Cinéma

Le film de procès est un genre en soi et un genre contraignant car son cadre est très défini, formaté. Dès lors, vouloir y introduire un élément de nouveauté, d’originalité relève du tour de force. En revanche, il peut compter sur un inépuisable réservoir de faits divers, sur la sidérante imagination de la réalité, sur sa capacité à mettre sous tension tous les sujets, passionnel ou politique, philosophique ou technique. On juge tout, des sentiments, des cultures, des faits de société…

L’affaire Viguier date d’une dizaine d’années et n’a pas franchi les frontières. C’est l’histoire d’un professeur d’université accusé d’avoir tué sa femme et de l’avoir fait disparaître, on n’a jamais retrouvé son corps. Le cas a ceci de singulier, qu’après avoir été acquitté une première fois aux Assises, Mr Viguier a été rejugé. C’est une situation peu enviable pour son avocat car si son client est à nouveau acquitté, il n’a aucun mérite. Mais s’il est jugé coupable, la deuxième fois, ce sera de sa faute.

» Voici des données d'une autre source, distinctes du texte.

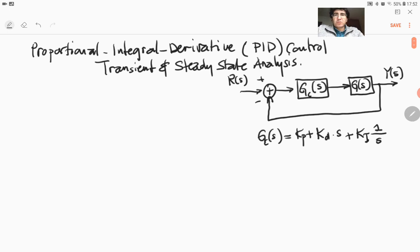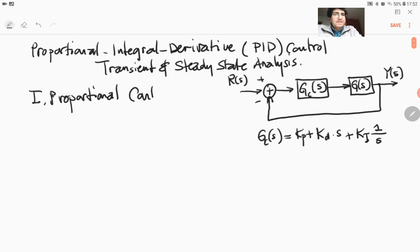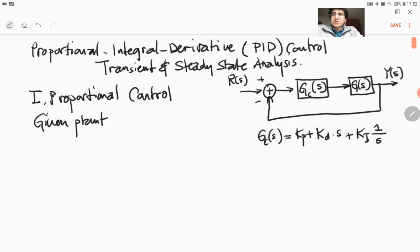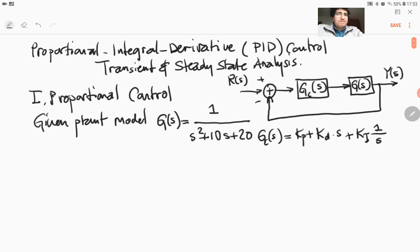What we will try to do is to take a look at these components one by one in order to see the different effects they have on our system behavior. Let's start with proportional control, and let's assume that we have a plant model that is second order. The plant model is G(s) given by 1 over s squared plus 10s plus 20.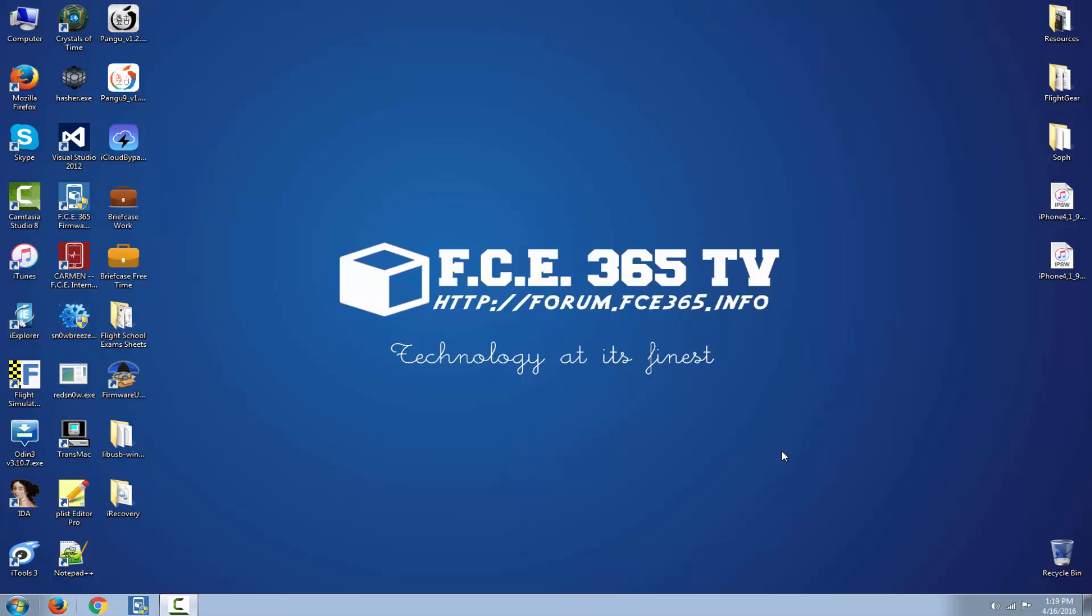What is up guys, George back here, welcome to iDevice Central channel. Today I got to show you how to properly uninstall libUSB filter for USB devices and how to fix iTunes and libmobiledevice not recognizing the phone in recovery mode.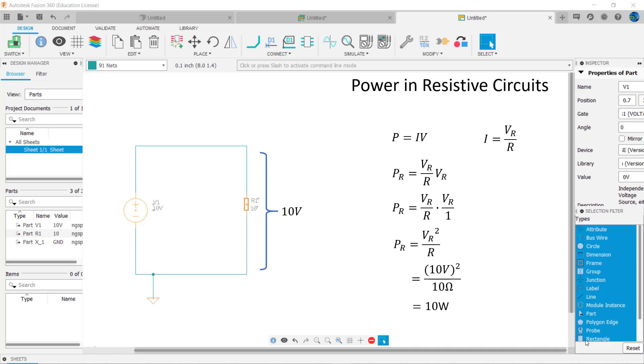Identifying variables with a subscript is a good idea, as it will minimize errors. V subscript R means the voltage across R. P subscript R means the power dissipated by R.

Son avocat, pour ce deuxième procès, n’est autre qu’Eric Dupond-Moretti, déjà bien connu à l’époque, mais pas aussi médiatisé qu’aujourd’hui. Toutefois, on ne trouvera pas ici un biopic sur ce ténor du barreau. Aucun élément biographique n’est apporté au spectateur, lorsqu’une femme, Nora, bataille ferme pour le convaincre de défendre Viguier. On n’en sait pas plus sur lui que sur elle, une cheffe dans les cuisines d’une brasserie. Elle vit avec son garçon de 12 ans qui reçoit des cours particuliers en maths par la fille de Viguier. Ayant convaincu Dupond-Moretti, elle se met à sa disposition en épluchant le dossier, dont 250 heures d’écoutes téléphoniques, à la recherche d’éléments pour discréditer les témoins de l’accusation.

On suit alors un procès qui se déroule en deux temps, en deux modes. A l’américaine quand Nora dérushe les enregistrements, inspecte la maison des Viguier, rencontre des témoins à la recherche d’éléments. A la française lorsque Me Dupond-Moretti utilise les cartouches à l’audience en maximalisant leur efficacité. Cependant, ces deux-là ne composent pas un excellent tandem. Bien au contraire, c’est clash sur clash, parfois très violent car l’un et l’autre sont animés par des logiques et des sentiments très différents. L’un a un objectif précis : acquitter son client. Il fait son travail à fond mais sans émotion. Nora, en revanche, est révoltée par l’enquête policière bâclée, par la perspective d’une erreur judiciaire et elle cherche le coupable. Me Dupont-Moretti n’en a cure d’élucider l’affaire, il veut créer du doute dont doit bénéficier son client.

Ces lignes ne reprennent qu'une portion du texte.